SEALINK-HOLYHEAD
Justin Merrigan
St Michael's Pier
On 14 April 1969 a new drive-on/drive-off car ferry terminal, capable of handling 650 cars a day, was officially opened at Dun Laoghaire's St Michael's Wharf by Mr Jim Gibbons, Parliamentary Secretary to Ireland's Minister for Finance.
Built in three years at a cost of IR£850,000 it replaced a temporary terminal at the East Pier, which had been in use since British Rail introduced its first dedicated car ferry service to Ireland in 1965.
The principal feature of the terminal was a pier 575ft long and 70ft wide. A 300ft long three-level passenger building on the pier was capable of accommodating 600 passengers, and its roof was open to the public as a viewing platform, with a snack bar.
The other main building was a vehicle customs hall, which also housed the various administrative offices. A second snack bar was provided there, principally for passengers in outgoing cars. Car loading ramps were sited on each side of the pier and while that enabled two vessels to berth simultaneously, the main purpose was to permit a vessel to lie on the more sheltered side of the pier.

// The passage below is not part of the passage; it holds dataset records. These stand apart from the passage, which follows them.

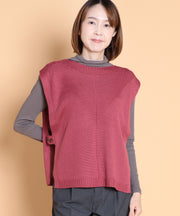 ピンクの代表画像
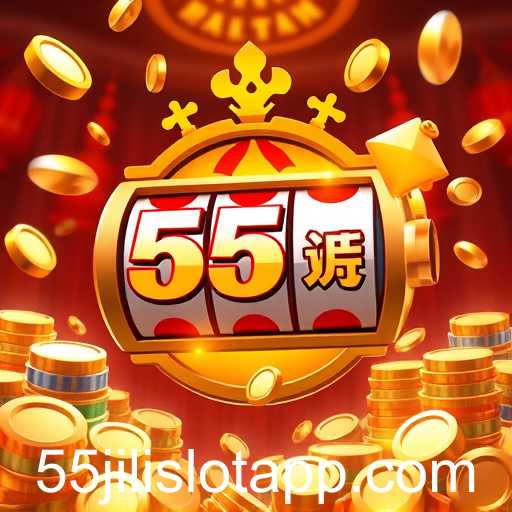 Rising Popularity of Digital Slot Games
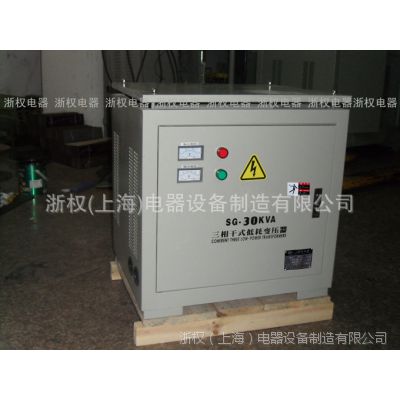 ֱѹ12kva ʽѹ380v200v ȫͭ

The first ship to use the new pier was the Holyhead Ferry 1 which arrived with 110 cars and 458 passengers. The vessel left for Holyhead again a couple of hours later with 150 cars and several hundred passengers.
The new terminal was to suffer from numerous drawbacks, not least of all the fact that it was designed and built around the Holyhead Ferry 1 with the result that eight years later St Michael's Pier was virtually redundant following the arrival of the St Columba. Only the occasional freight ship and summer sailing with a smaller relief vessel now used the pier.
Between 1981 and 1987 there were no regular services from the terminal, however in March 1987 the freight vessel Stena Sailer sailed into the port and made the west berth her home for the next four years. The following year saw the opening of a service from Liverpool with the Earl Williamusing the east berth - the pier and its terminal was back in business!
1991 saw the arrival of the Stena Cambria onto the run. As her roster saw two Stena ferries in port together some modifications where made to the berth to allow her to use the pier bow-in. A large yokohama fender was placed on the seaward end of the pier to push the stern away from the berth and therefore push the bow in to meet the shore ramp. A new passenger gangway platform was also provided from the building itself.
By the time the fast ferry Stena Sea Lynx arrived in 1993, and with it a significant refurbishment to the terminal's waiting areas and foot passenger subway under the vehicle compound, the terminal's days were numbered. To accommodate the new Stena HSS a major new terminal was planned, construction of which commenced in 1994. Today, only the east berth of the old St Michael's Pier remains adjacent to the massive HSS linkspan.